Warum München, ein Körper, in dessen Hülle statistisch gesehen 57 Prozent aller Bundesbürger gerne leben würden, wo doch dessen Geist sich von dem Geruch nährt, dessen Aroma schon längst verduftet ist? Warum liebe ich diesen verrotteten Körper? Warum liebt ein Mann die Aura einer Frau, die Ruin bedeutet und der er doch nicht entkommt? Ich lebe in diesem Klimakterium der Intrigen, Verlogenheit und Doppelmoral seit 1974. Ich habe beobachtet, wie sich der Virus ausbreitet, wie der Virenaustausch funktioniert, wie sich das Mittelmaß positioniert. Aus Angst, ihre Mittelmäßigkeit erklären zu müssen, versuchen sie mit dem Anspruch »Was die Masse meint, ist nie verkehrt«, und inhaltslosen Banalitäten, die beim ersten Hinschauen erblassen und beim zweiten gar nicht mehr vorhanden sind, das produktive Kontrastpotential dieser Stadt, welches die Masse erst sichtbar macht, weil es versucht, sich von dem alles nivellierenden Massenanspruch abzusetzen, zu neutralisieren. Die Bannerträger des Mittelmaßes, die alles Keimende mit Ignoranz bestrafen und durch Rufmord schädigen, lassen zwischen Anpassung und Vernichtung wenig Raum.

Eine Gesellschaft, die sich durch Sättigung und Dekadenz auszeichnet, kurz: Überflussgesellschaft, neigt dazu, mit ihren Ressourcen leichtfertig bis fahrlässig umzugehen. Mit zunehmender Dynamik dieses Prozesses vollzieht sich allmählich eine Trübung des Realitätsbewusstseins und Kritikvermögens, die eine Werteverschiebung nach sich zieht, die sich selbst als Maß aller Dinge begreift. Selbst definiert sich diese Gesellschaft über die Menge des Kapitals, über die sie verfügt.

Dekadenz ist eine Begleiterscheinung hierarchisch gegliederter Gesellschaften, die den Zenit ihres kulturellen Leistungspotentials überschritten haben, sich als Folge der Begleiterscheinungen auf ein breites Mittelmaß einigten und den Status quo der Mittelmäßigkeit mit feudalistischer bis diktatorischer Vehemenz verteidigen.

Nun zu München und mir: Ich lebe und arbeite seit 18 Jahren in dieser Stadt und habe ihr manches Lächeln abgerungen, für das sie sich wie Frau Hitt in der deutschen Volkssage bedankt hat: als der Bettler um einen Laib Brot bat, hat sie ihm einen Stein gereicht.

Ich bin Teil dieses Körpers. Er hat mich geprägt und doch nicht angesteckt. Ich habe gelernt, die Virusherde zu meiden, um mich nicht zu infizieren. Ich habe in diesem verrotteten Kulturkörper eine Nische gefunden, in der sich ähnlich dispositionierte Kontraproduktive ebenfalls eingerichtet haben und zu senden begannen, auch wenn diese Strahlung vom Körper nicht wahrgenommen wurde, weil er zu sehr damit beschäftigt war, von seinen Eiterbeulen mit allzu routinierten Ritualen abzulenken.

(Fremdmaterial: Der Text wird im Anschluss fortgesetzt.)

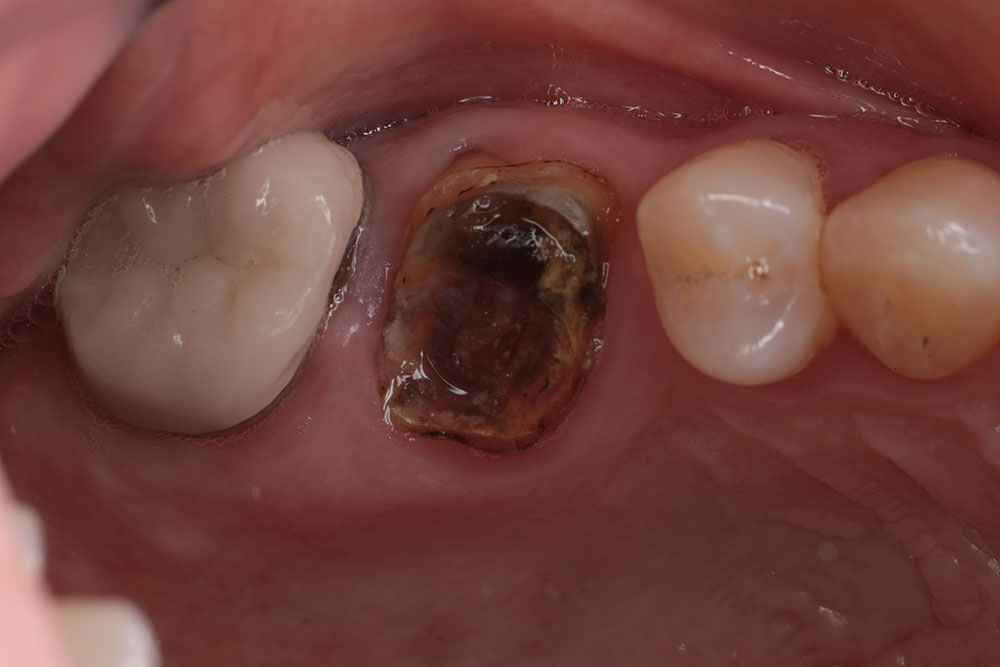 hopeless tooth before 1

Es gibt an diesem Ort Nekrosenherde, deren Fäulnisbakterienproduktion so stark ist, dass alles lebende Gewebe ebenfalls zu nekrotisieren beginnt, wenn die Sauerstoffzufuhr nicht von außerhalb des Körpers befindlichen Energiezellen in Form von ideologischer, ökonomischer, ökologischer Stellungnahme, das Überleben an solch einem Ort ermöglicht.

In den achtzehn Jahren meiner Präsenz im Antlitz dieser Stadt hat sich in der von mir belebten Nische weder ein ortsverpflichteter Kulturreferent noch Museumsleiter noch Sammler mit dem Bedürfnis verirrt, den Fremdkörper kennenlernen zu wollen. Ist nicht ganz richtig: Es gab bei zufälligen Begegnungen auf kulturell gesellschaftsfähigem Parkett vor der entsprechenden Öffentlichkeit pathetische Lippenbekenntnisse, die den Eindruck eines progressiven Images vermittelten. Diese Attitüde des »Alles verstanden«, »Alles unter Kontrolle«, »Alles Paletti« wurde beim Anlegen der Hauspantoffeln unter seinesgleichen abgelegt, um standesgemäß der Lust des Mittelmaßes freien Lauf zu lassen. Auf schriftliche Nachfrage zum öffentlichen Bekenntnis reagieren die vom Mittelmaß erwählten Stellvertreter ihrer Klasse dispositionsgemäß mit simuliertem Gedächtnisschwund oder gar nicht. Fairneßhalber wäre anzumerken, dass es auch in dieses Klima Verirrte gibt, die nach Läuterungsprozessen das Klimakterium verließen oder sich für die innere Emigration entschieden.

Noch eins hätte ich fast vergessen: Der Unterschied zu Aids-Infizierten ist: München kannst Du neutralisieren, indem Du es verlässt, sofern die Berührung mit dem etablierten, speicheltriefenden Mittelmaß nicht schon zur Infektion geführt hat.

Wolfgang Flatz


Friedrich Köllmayr/Edgar Liegl/Wolfgang Sréter (Hg.), Soblau. Kulturzustand München, München 1992, 106 f.